_PROBLEM:_
Any picture in the listing is left out of the copy; all else is duplicated exactly.

** Opening STORED DATA block **

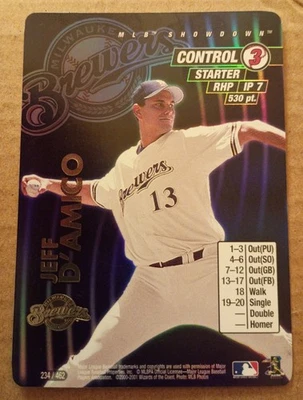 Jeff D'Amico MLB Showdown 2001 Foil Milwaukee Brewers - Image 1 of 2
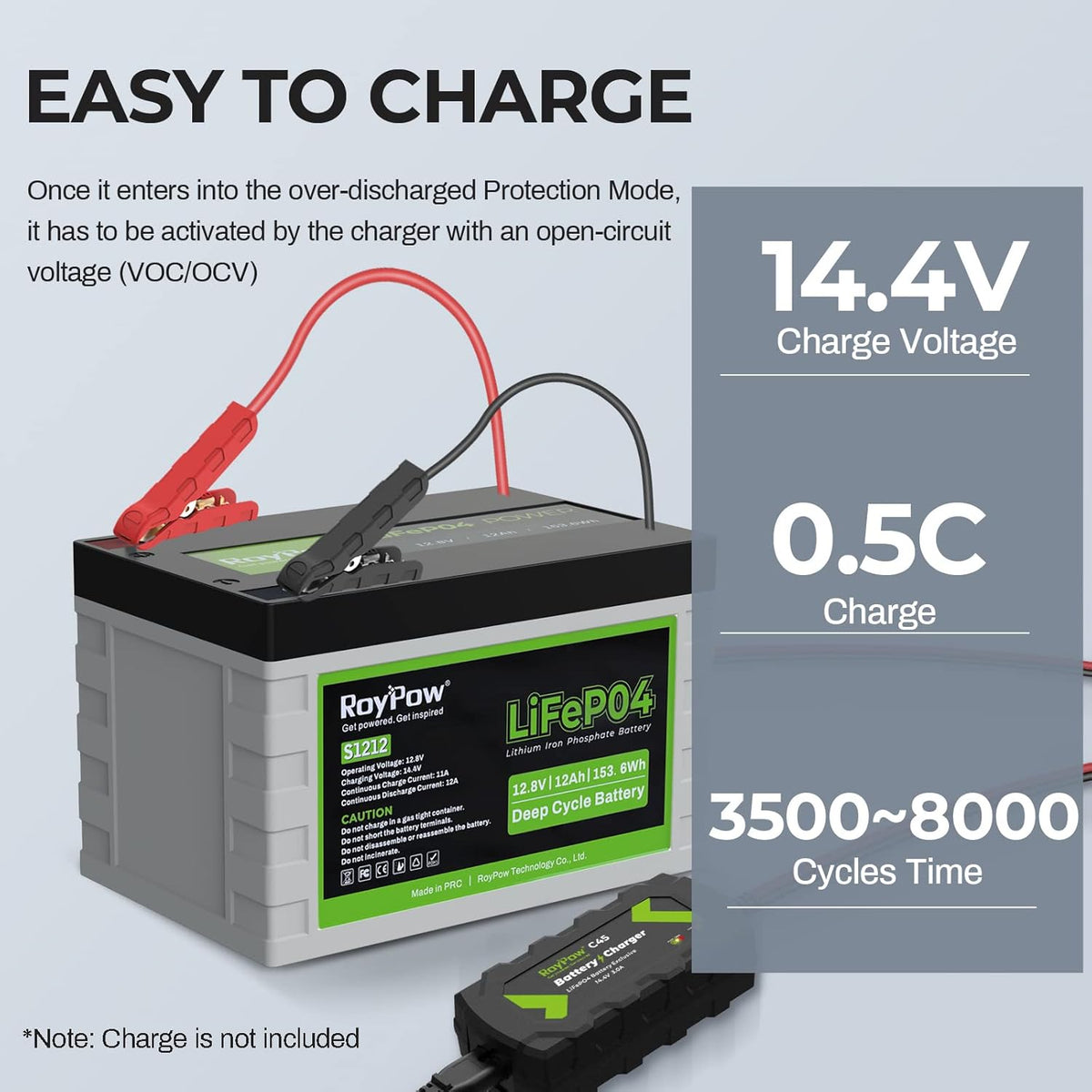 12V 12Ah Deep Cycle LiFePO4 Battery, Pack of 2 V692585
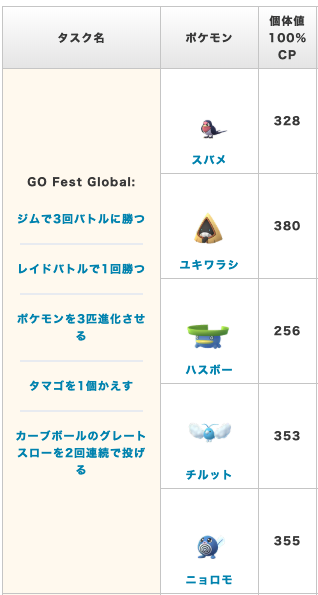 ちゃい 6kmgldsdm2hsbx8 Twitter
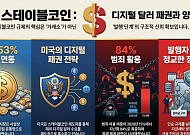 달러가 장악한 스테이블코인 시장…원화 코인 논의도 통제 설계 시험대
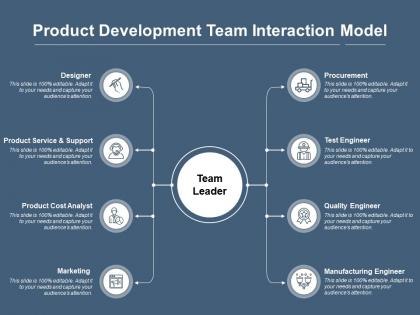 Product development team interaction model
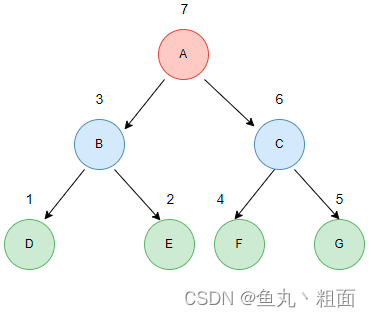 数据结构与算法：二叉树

** Closing STORED DATA block **

_RESULT OF THE TASK:_
 Jeff D'Amico MLB Showdown 2001 Foil Milwaukee Brewers - Image 1 of 2
 12V 12Ah Deep Cycle LiFePO4 Battery, Pack of 2 V692585
 ちゃい 6kmgldsdm2hsbx8 Twitter
 달러가 장악한 스테이블코인 시장…원화 코인 논의도 통제 설계 시험대
 Product development team interaction model
 数据结构与算法：二叉树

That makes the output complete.